Molti quadri fatti, molti distrutti, relativamente pochi quelli salvati dalla sua incontentabilità. La sua stessa incontentabilità, alimentata da uno spirito critico che si accaniva su un temperamento estremamente personale, la sua stessa dura pazienza a tenersi le opere lungamente per sè, a non cedere a nessun gusto del pubblico, a non derogare da quella che si era prefissa per meta, erano il peggio gettato nel futuro della fede nell’opera sua. Salvata dalla vita, dalla giovinezza, non aveva che quella. L’opera sua, la sua vita: a un grado di identificazione che solo le creature predestinate raggiungono.

 

Antonello Zintu

Cognome di nascita era Cugusi, ma il nostro pittore, convinto che i nomi avessero importanza su la vita degli individui, amava autochiamarsi da Romana, dal suo luogo di nascita, paese di Sardegna di poche migliaia d’anime. Trentanoveanni visse o meglio lottò e soffrì e, per appagare la sua anima incontentabile e, per calmare la sua ardente sete di manifestarsi, quale si sentiva, in opere che sapessero d’eterno. Si nota in tutta l’arte cugusiana una ricerca spirituale, una profonda intima comprensione dell’umanità, specialmente di quell’età più sincera che è la fanciullezza e giovinezza.

 

Vittorio Sgarbi

Brancaleone Cucusi da Romana era un formidabile fotografo.
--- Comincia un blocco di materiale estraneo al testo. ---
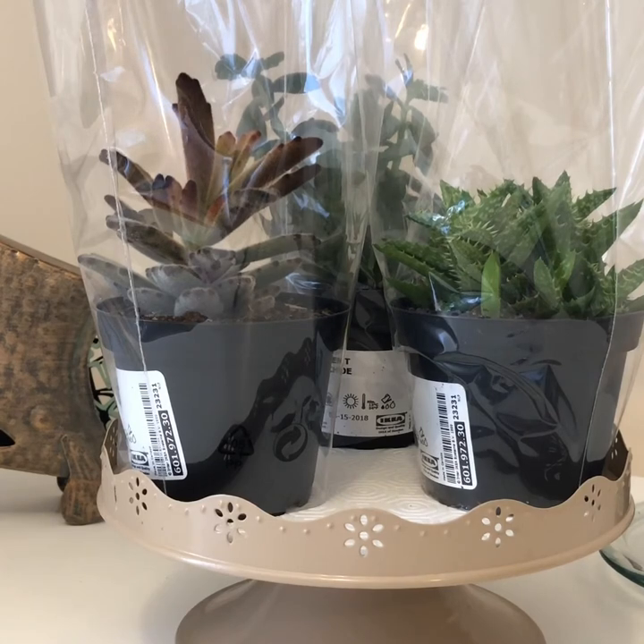Yesterday I went to Ikea to get some plant stands — that's gonna be in another video where I review the things that I bought and try to put that together. But I couldn't help going by the plant aisle. I picked up three plants and I don't actually have these guys in my collection. So even though it was kind of picked over and crazy with a million people, I was able to find some that I was pretty happy with. So I'm gonna go ahead and show those with you now.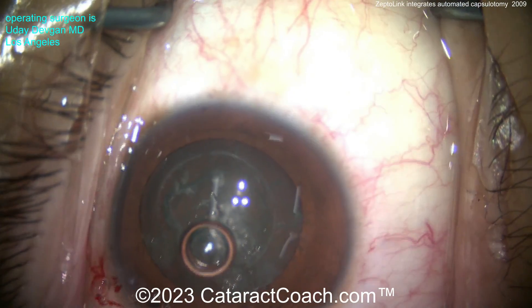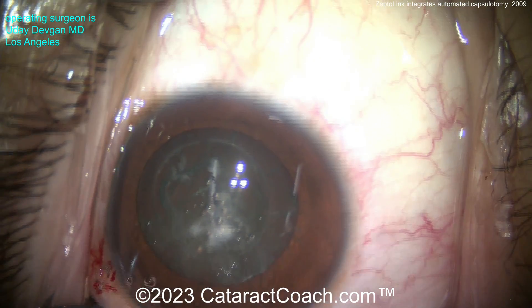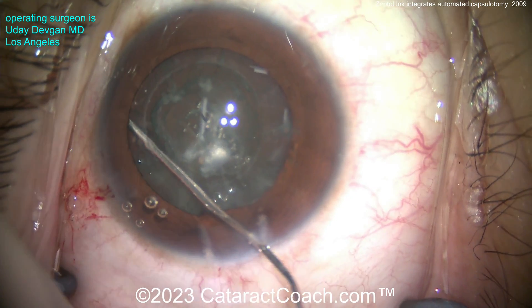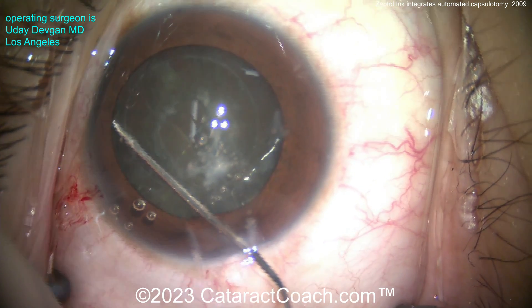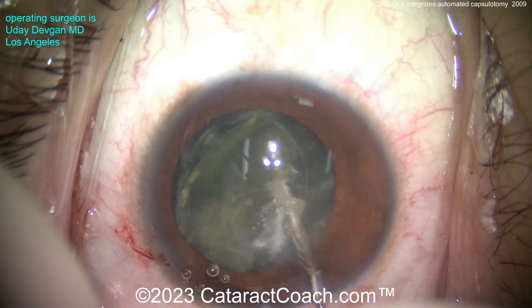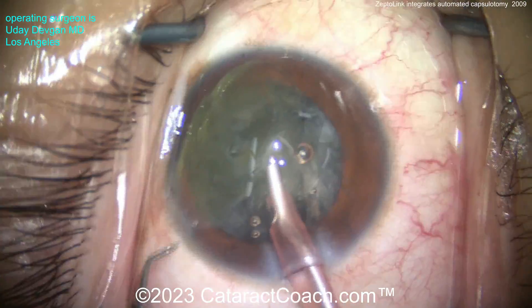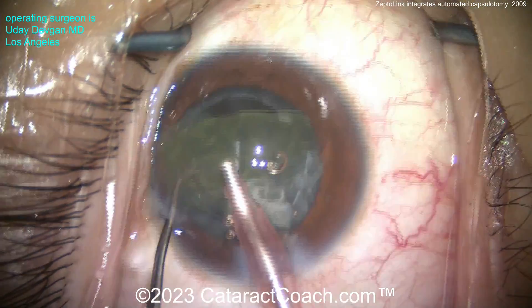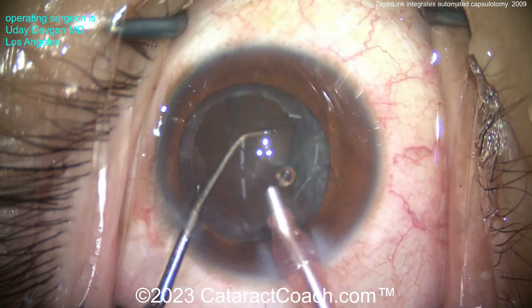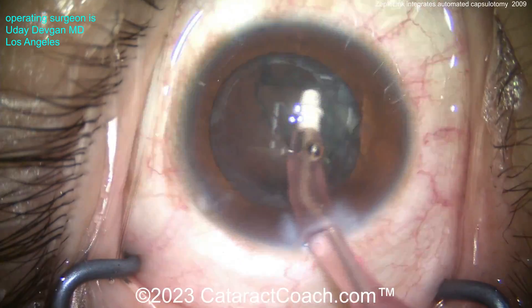We're able to go inside now, pull out that capsule that's totally free-floating, and continue the rest of the FACO. It really simplifies this procedure. This is great for a complicated case like the intumescent white cataract and this scarred anterior lens capsule, but it's also amazing for any routine case because it gives you that consistency of a beautiful capsule opening. You should be able to use all technologies — I'd like for you to have this in the operating room, but also be able to do it with capsule rhexis forceps. We want as many tools as possible in our toolbox to tailor the surgery to the patient.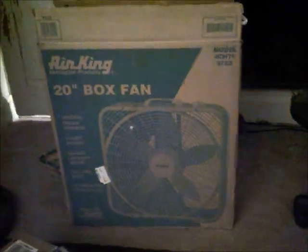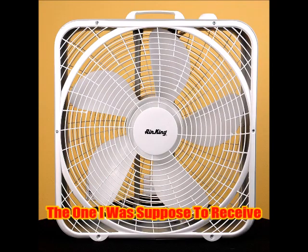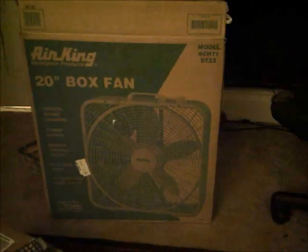I'll quickly show you a picture of what I was supposed to receive. I put the wrong instruction manual back in the box. I already opened it up.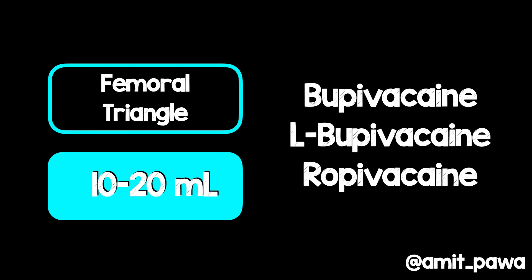For medication options, most of the time we use long-acting local anesthetics such as bupivacaine, levobupivacaine, or ropivacaine, although other agents are available. For a femoral triangle block we tend to inject somewhere between 10 to 20 cc's of local anesthetic, though I'm aware of people using larger volumes. What you inject depends upon what you ultimately aim to achieve and what other nerve blocks you're performing.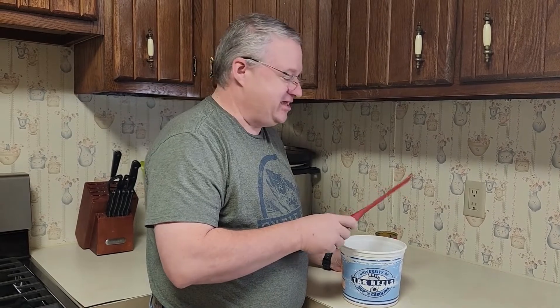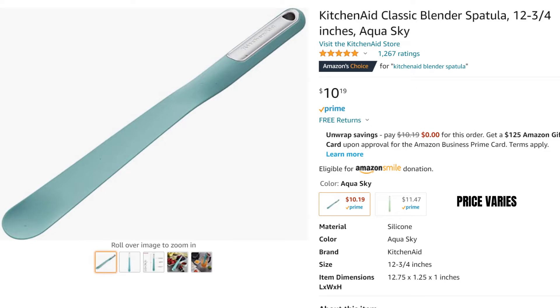Hello friends and Happy Thanksgiving from the Project Help Desk. Today I want to share with you one of the quick little things that we love inside of the kitchen, and that is our KitchenAid blender spatula.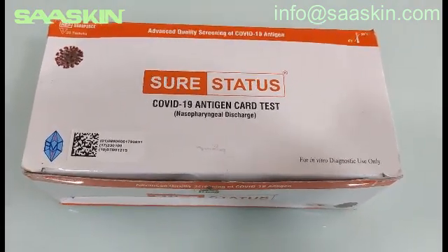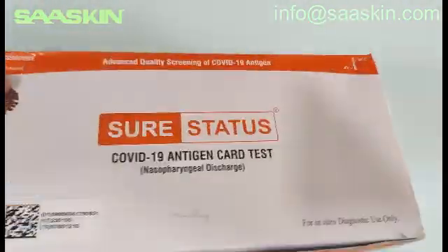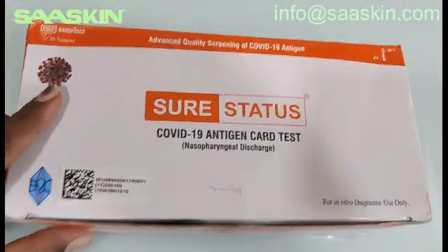Let me quickly unbox this for you and show you the box around. This is the top view, this is the front view, here are the kit contents, and here is how the total box will look like.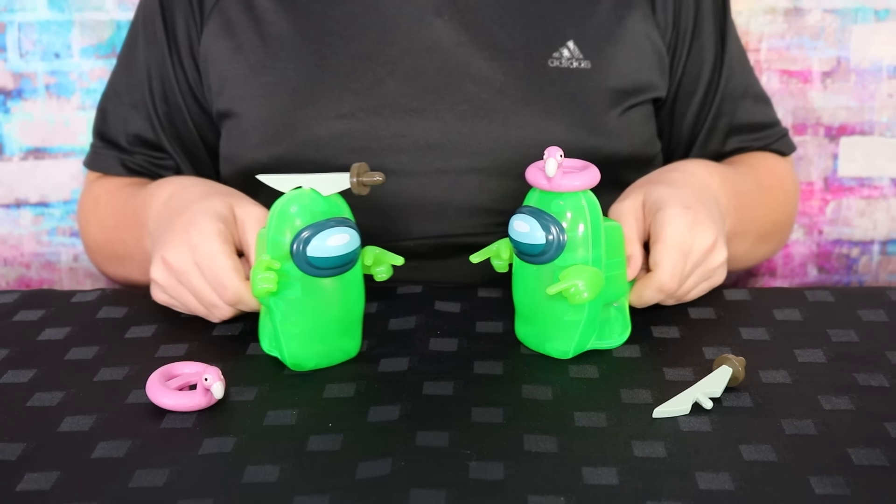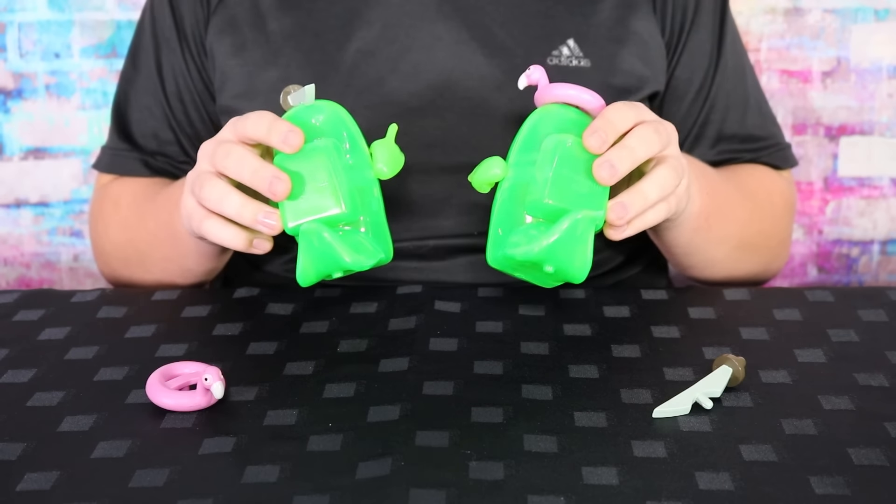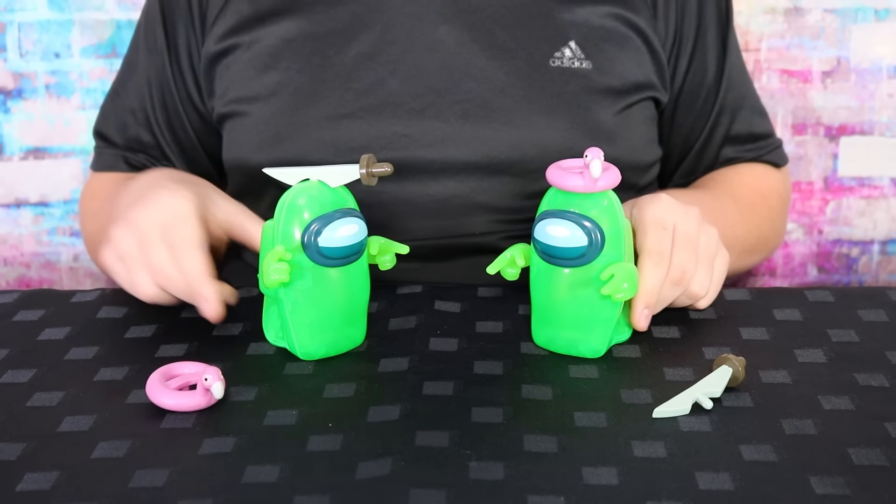Unfortunately these crewmates have been eliminated and have now become ghosts, and now have ghost tails instead of their two legs. They come with hats and hand accessories.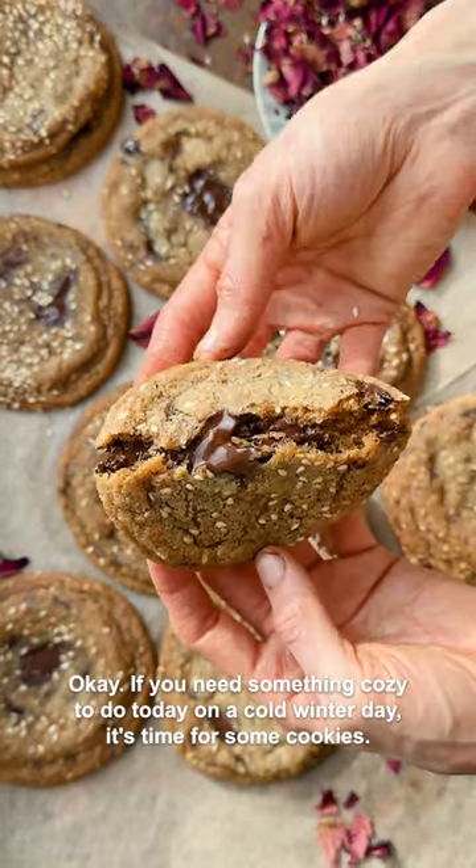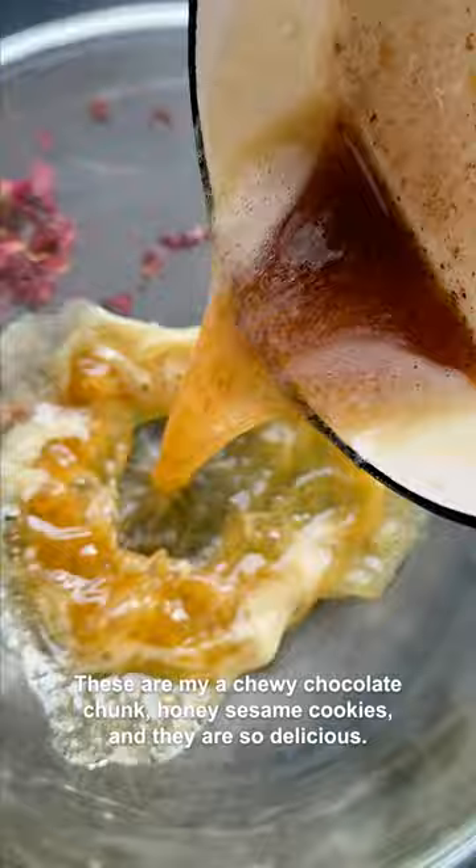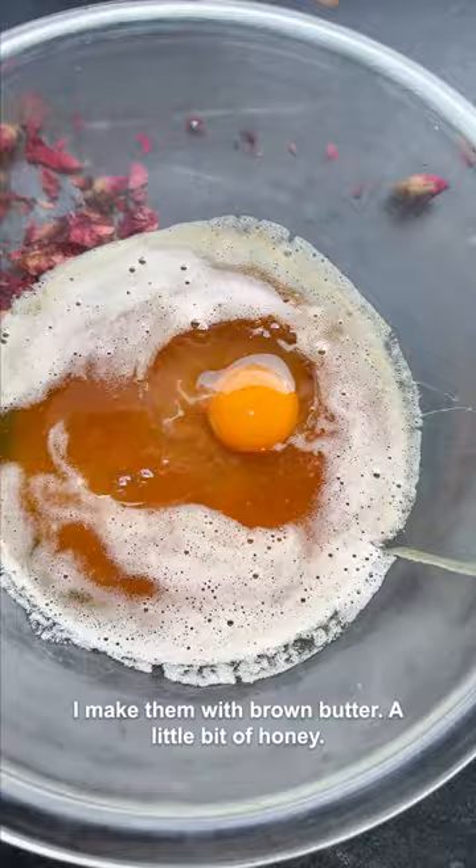If you need something cozy to do today on a cold winter day, it's time for some cookies. These are my chewy chocolate chunk honey sesame cookies and they are so delicious. I make them with brown butter, a little bit of honey, an egg, and some flour.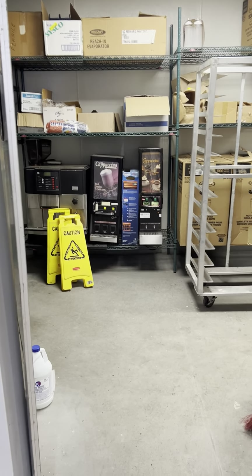Water shut off here. That leads into the kitchen — I'll see you next time.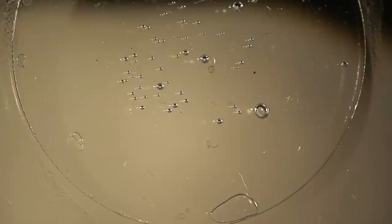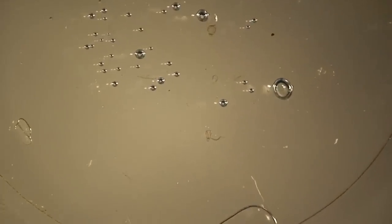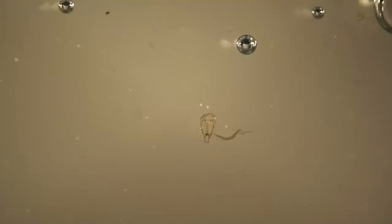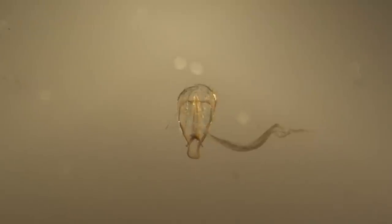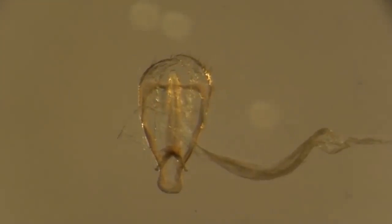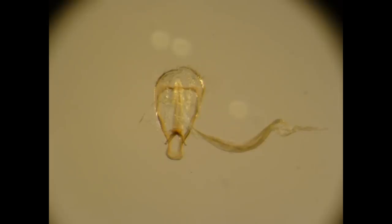After it has been orientated correctly, a cover slip is placed over the medium. Here, we have used glycerol as a short-term mountant. The aedeagus is now ready for examining. From the female genitalia, we have mounted, in a similar fashion, the sclerites in the bursa copulatrix. These are more robust and less prone to breakage.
Le sue tele sono tutte a grandezza naturale; essa viene garantita dal procedimento reticolare, che consente di non deviare neanche di un millimetro dal prototipo fotografico. Brancaleone Cugusi non copiava le fotografie. L’anima era nella pittura e, nella capacità di cogliere l’elemento che sfugge alle fotografie, l’ombra.
Nessun pittore, neanche Caravaggio ha dipinto l’ombra come Cugusi. Disegna e dipinge sulla tela come sul telaio, usando una pittura dalla pasta fluida e mobile, quella che lui chiamava “a tutta pasta”.